◆ Exercise objective
Exactly the lines from the one holding "EXQUISITE EMBROIDERIES UNDER" through the last line of the listing below must appear in the answer, and no pictures.

◆ Source data
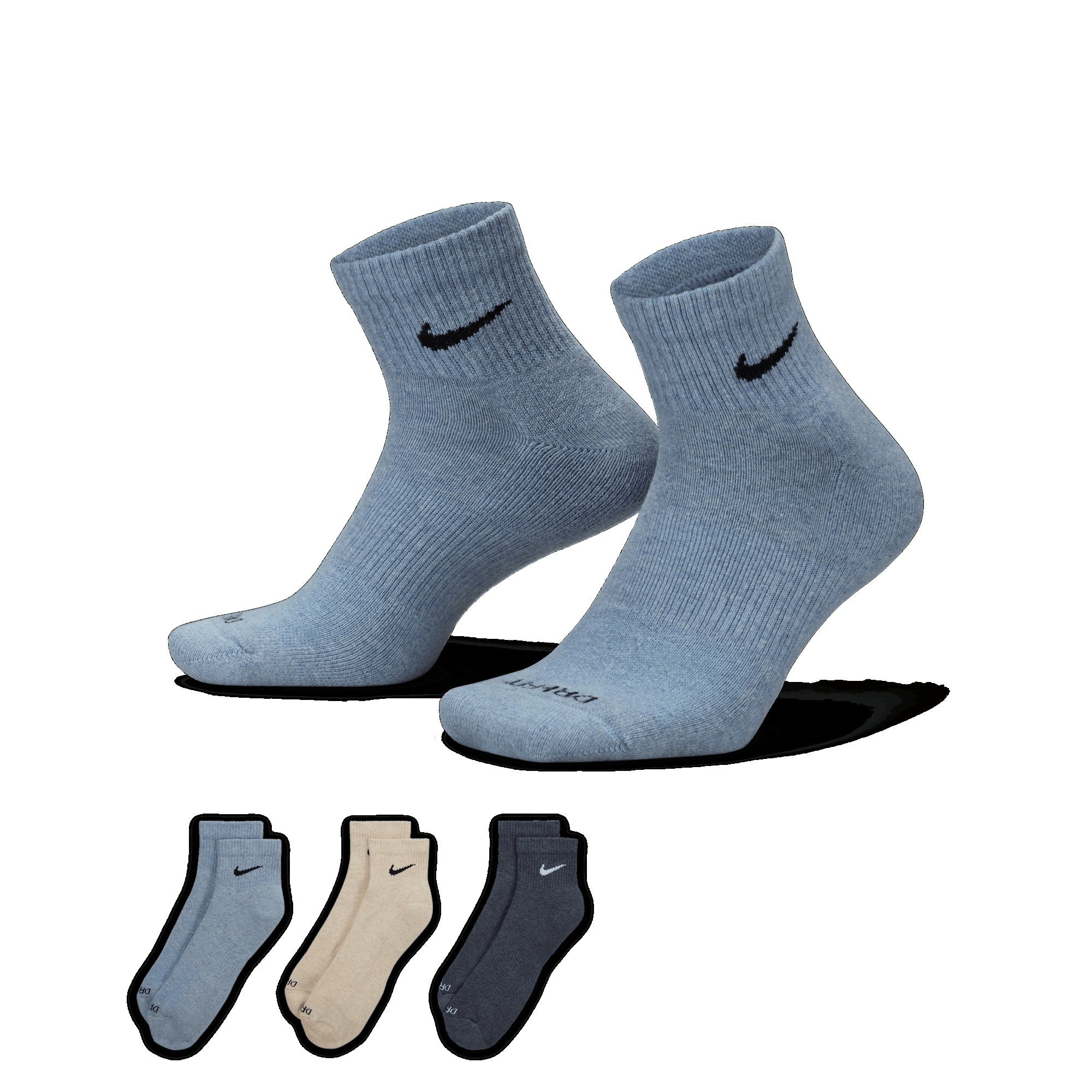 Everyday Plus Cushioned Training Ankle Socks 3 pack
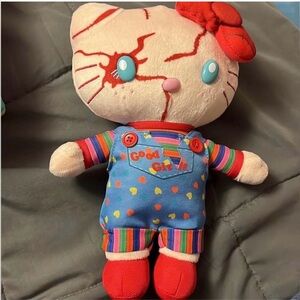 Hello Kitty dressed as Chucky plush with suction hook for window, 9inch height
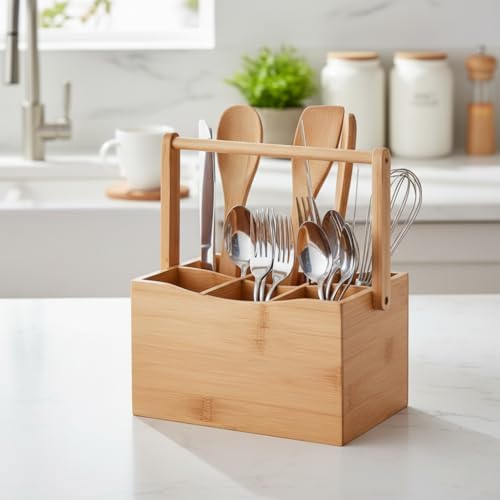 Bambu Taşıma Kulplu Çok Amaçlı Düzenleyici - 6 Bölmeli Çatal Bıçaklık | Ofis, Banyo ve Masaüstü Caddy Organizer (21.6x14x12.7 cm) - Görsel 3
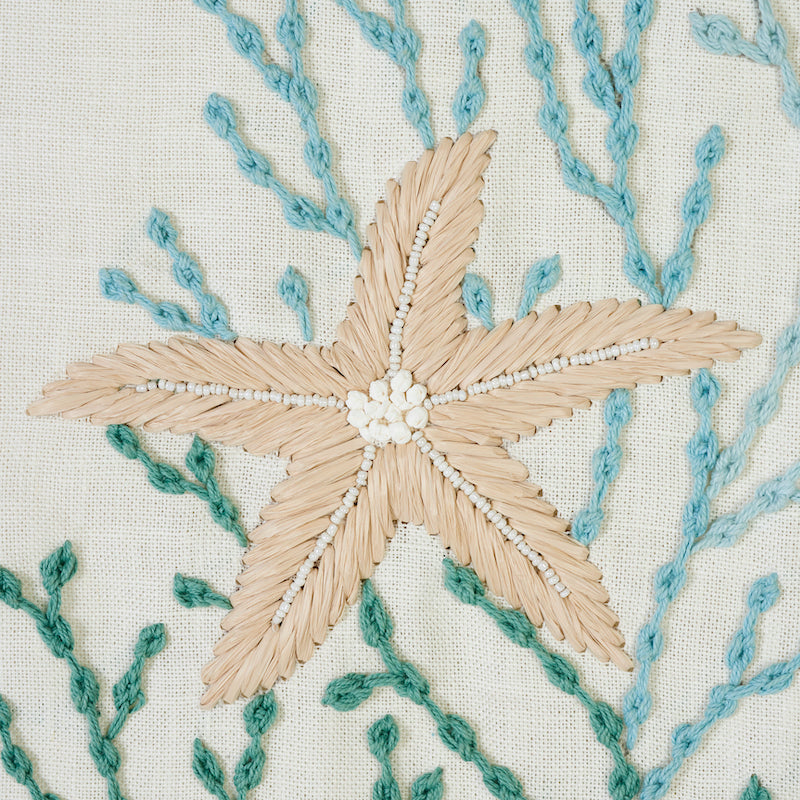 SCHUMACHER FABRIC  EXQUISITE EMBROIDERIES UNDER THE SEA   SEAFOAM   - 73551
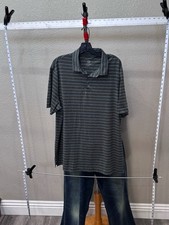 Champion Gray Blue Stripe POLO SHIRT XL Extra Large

◆ Expected answer
 SCHUMACHER FABRIC  EXQUISITE EMBROIDERIES UNDER THE SEA   SEAFOAM   - 73551
 Champion Gray Blue Stripe POLO SHIRT XL Extra Large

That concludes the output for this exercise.